The modifications in the code concern the OSS and the client. To do that, first, we have to retrieve sparseness information in LNet layer.
Detection of holes and report to LNet
Hole information is read from osd_do_bio and saved in field of struct niobuf_local. This field is accessible from tgt_brw_read and transmitted through struct ptlrpc_bulk_desc to target_bulk_io. In ptlrpc_start_bulk_transfer, when md (struct lnet_md) is built, we set new fields, nempty and empty_list, to describe the list of holes. In lnet_md_build, we copy the new fields from md into umd (struct lnet_md *).
Thus, from LND code, we are able to get information about holes and run specific code depending on the LND. This information will be retrieved using msg_md (struct lnet_libmd *) field from lntmsg (struct lnet_msg *).
Modification on LNet
To handle holes and skip them, several modifications in LNet are needed.
Client requests data
If the client has hole support, the server will not send holes using pages filled with zeroes, but the client first needs to notify the server it can handle such sparse send. It is done when it sends the PUT request to the OSS.
OSS sends data
If the OSS gets such a request, it will transmit data without holes.
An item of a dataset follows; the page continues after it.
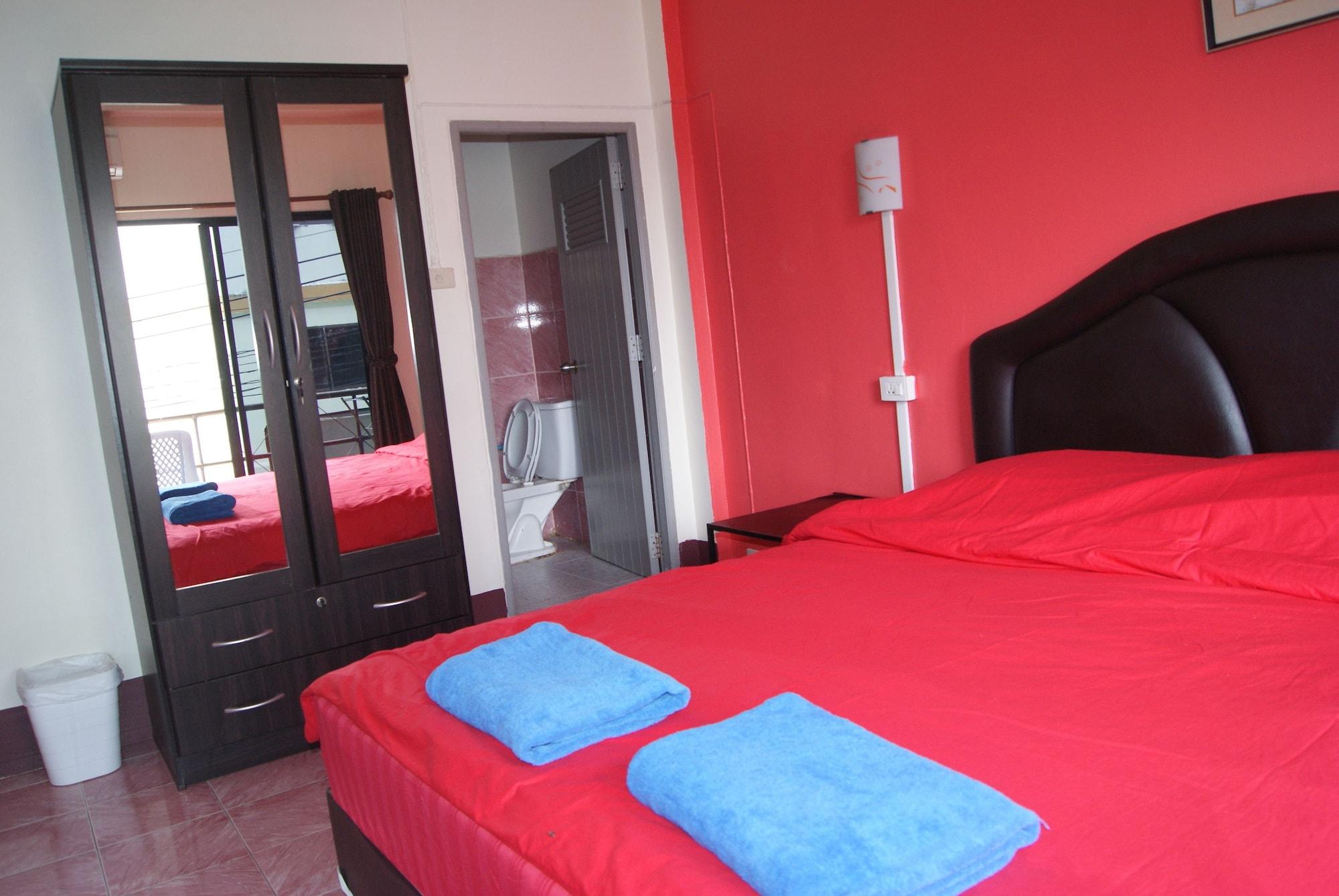 Guest house Pineapple *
In that purpose, some modifications are required in lnet_md_build. We read nempty and empty_list fields from md (struct lnet_md). And, when lmd (struct lnet_libmd *) is built, hole pages are skipped, and the list of holes is saved in two fields (md_nempty and md_empty_list).
The other modification is in LNetPut, where we use LNET_MSG_PUT_SPARSE as message type if we have md_nempty that is strictly positive. This new message type is needed for the client to parse correctly received data
since we will use new header to save the list of holes.
The code is different depending on the LND, in order to have it optimized for the corresponding fabric. There is no particular issue in doing that, since the shared code in the same, and the code that is specific to an LND is only in the LND code itself.
For socklnd
In ksocknal_send, if the message type is LNET_MSG_PUT_SPARSE, then we first send a header containing the number of hole pages and its list (bitmap of present/absent pages). The list is retrieved using msg_md→md_empty_list.
Then, we send data with no needed modification, since our lmd already skips the holes.
For o2iblnd
RDMA allows us to write to a remote address only in a continuous way. Behind that, the memory can be fragmented, but we cannot change the mapping. So we cannot skip holes in client memory.
One way to deal with that is to write data to the remote address normally. In the client, memory will have all data in sequence without any hole. So, the client will have to remap the pages by copying the data at the right place and by filling the holes with zeroes.
The drawback of this method is that we have an extra copy of the data. This will definitely save some bandwidth, but it is not sure if we could get a performance gain because of the added processing time on the client.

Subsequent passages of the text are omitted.